*Brief:*
Write out the stretch of lines below that begins at the line with "Yingwan Multifunctional Selfie" and ends at the line with "фар 124: Mercedes-Benz", including both, exactly as given and nothing more.

*Material provided:*
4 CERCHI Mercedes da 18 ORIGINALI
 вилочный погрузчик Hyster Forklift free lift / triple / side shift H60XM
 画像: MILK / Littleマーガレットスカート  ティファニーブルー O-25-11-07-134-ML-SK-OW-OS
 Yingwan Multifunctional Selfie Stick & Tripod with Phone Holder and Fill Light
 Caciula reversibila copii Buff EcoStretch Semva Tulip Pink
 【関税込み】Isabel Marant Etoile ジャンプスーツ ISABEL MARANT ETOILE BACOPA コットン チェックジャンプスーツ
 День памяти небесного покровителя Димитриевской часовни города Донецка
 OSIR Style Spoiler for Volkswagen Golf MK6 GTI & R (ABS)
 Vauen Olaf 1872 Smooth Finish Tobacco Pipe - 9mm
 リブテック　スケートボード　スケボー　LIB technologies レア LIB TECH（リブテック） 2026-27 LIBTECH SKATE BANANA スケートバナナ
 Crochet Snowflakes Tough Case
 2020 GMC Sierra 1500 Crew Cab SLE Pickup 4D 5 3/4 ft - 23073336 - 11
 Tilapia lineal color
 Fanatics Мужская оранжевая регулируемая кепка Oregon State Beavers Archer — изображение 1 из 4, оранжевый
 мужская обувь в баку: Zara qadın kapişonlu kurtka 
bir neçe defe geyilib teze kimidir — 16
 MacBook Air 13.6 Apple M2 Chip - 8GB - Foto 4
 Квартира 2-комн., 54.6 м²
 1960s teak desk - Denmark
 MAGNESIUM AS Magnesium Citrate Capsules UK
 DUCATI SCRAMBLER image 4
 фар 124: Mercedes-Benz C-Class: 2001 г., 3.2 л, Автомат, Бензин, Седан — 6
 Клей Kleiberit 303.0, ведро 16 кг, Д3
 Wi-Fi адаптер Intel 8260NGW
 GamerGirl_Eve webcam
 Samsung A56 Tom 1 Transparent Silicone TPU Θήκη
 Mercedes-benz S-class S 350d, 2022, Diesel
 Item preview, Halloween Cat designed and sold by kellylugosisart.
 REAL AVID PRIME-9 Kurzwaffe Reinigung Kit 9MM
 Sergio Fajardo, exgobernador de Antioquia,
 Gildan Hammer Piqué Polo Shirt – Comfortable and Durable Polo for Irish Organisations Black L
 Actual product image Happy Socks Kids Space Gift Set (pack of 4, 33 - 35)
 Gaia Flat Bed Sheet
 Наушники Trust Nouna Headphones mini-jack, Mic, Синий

*Solution to the exercise:*
 Yingwan Multifunctional Selfie Stick & Tripod with Phone Holder and Fill Light
 Caciula reversibila copii Buff EcoStretch Semva Tulip Pink
 【関税込み】Isabel Marant Etoile ジャンプスーツ ISABEL MARANT ETOILE BACOPA コットン チェックジャンプスーツ
 День памяти небесного покровителя Димитриевской часовни города Донецка
 OSIR Style Spoiler for Volkswagen Golf MK6 GTI & R (ABS)
 Vauen Olaf 1872 Smooth Finish Tobacco Pipe - 9mm
 リブテック　スケートボード　スケボー　LIB technologies レア LIB TECH（リブテック） 2026-27 LIBTECH SKATE BANANA スケートバナナ
 Crochet Snowflakes Tough Case
 2020 GMC Sierra 1500 Crew Cab SLE Pickup 4D 5 3/4 ft - 23073336 - 11
 Tilapia lineal color
 Fanatics Мужская оранжевая регулируемая кепка Oregon State Beavers Archer — изображение 1 из 4, оранжевый
 мужская обувь в баку: Zara qadın kapişonlu kurtka 
bir neçe defe geyilib teze kimidir — 16
 MacBook Air 13.6 Apple M2 Chip - 8GB - Foto 4
 Квартира 2-комн., 54.6 м²
 1960s teak desk - Denmark
 MAGNESIUM AS Magnesium Citrate Capsules UK
 DUCATI SCRAMBLER image 4
 фар 124: Mercedes-Benz C-Class: 2001 г., 3.2 л, Автомат, Бензин, Седан — 6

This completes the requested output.